Rotating and Fractal Black Holes: In Kerr–AdS and systems with fractal horizons or Yang–Mills couplings, the disappearance of first-order transitions and the emergence of a globally stable, monotonic supercritical phase is generic, though controllable by system-specific parameters (e.g., central charge, Barrow exponent) (Du et al., 29 Oct 2024, Gao et al., 2021).
Lee–Yang and Complex Phase Diagram Perspective: The supercritical Widom line is precisely the real-plane projection of the Lee–Yang zeros that, for $P>P_c$ , detach from the real axis and persist as loci of analytic but rapid crossover (response-function extrema) (Xu et al., 8 Apr 2025, Li et al., 13 Nov 2025).

7. Physical Interpretation and Universality

The existence and universality of the supercritical regime in black hole thermodynamics vindicate the analogy between gravitational and fluid systems. Above the critical point, the sharp first-order small/large black hole distinction is effaced, but the system retains a memory of phase structure through rapid, though continuous, crossovers in both equilibrium and dynamical characteristics.

Crucially, the position and scaling of such crossovers, as well as the number of supercritical sectors, are dictated by underlying universality classes and the analytic structure of the Euclidean partition function’s Lee–Yang zeros. This grants gravitational systems a direct parallel to the supercritical phenomena in laboratory fluids, including water’s liquid–liquid transition, and provides a powerful route to translate statistical mechanical universality into quantum gravity and AdS/CFT contexts (Wang et al., 12 Jun 2025).

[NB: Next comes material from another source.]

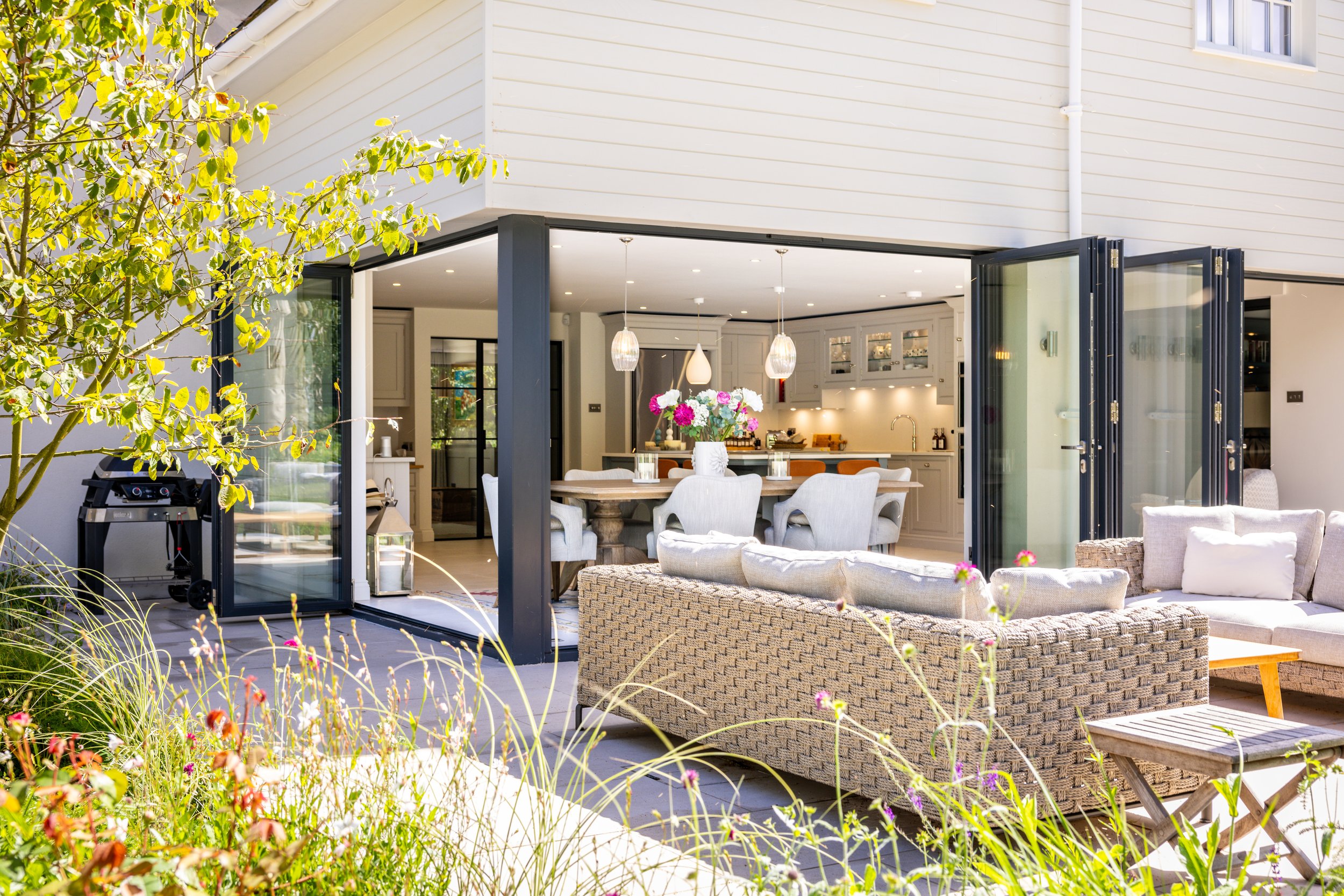 Angled view of the open kitchen doors, pale terrace paving, outdoor seating and planting.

In summary, the supercritical regime of black hole thermodynamics is an analytically well-defined, physically rich domain, characterized by robust crossover lines, persistence of dynamical criticality, and universal scaling. It stands as a direct probe of both the macroscopic thermodynamics and the microscopic statistical structure of gravitational systems above their critical points.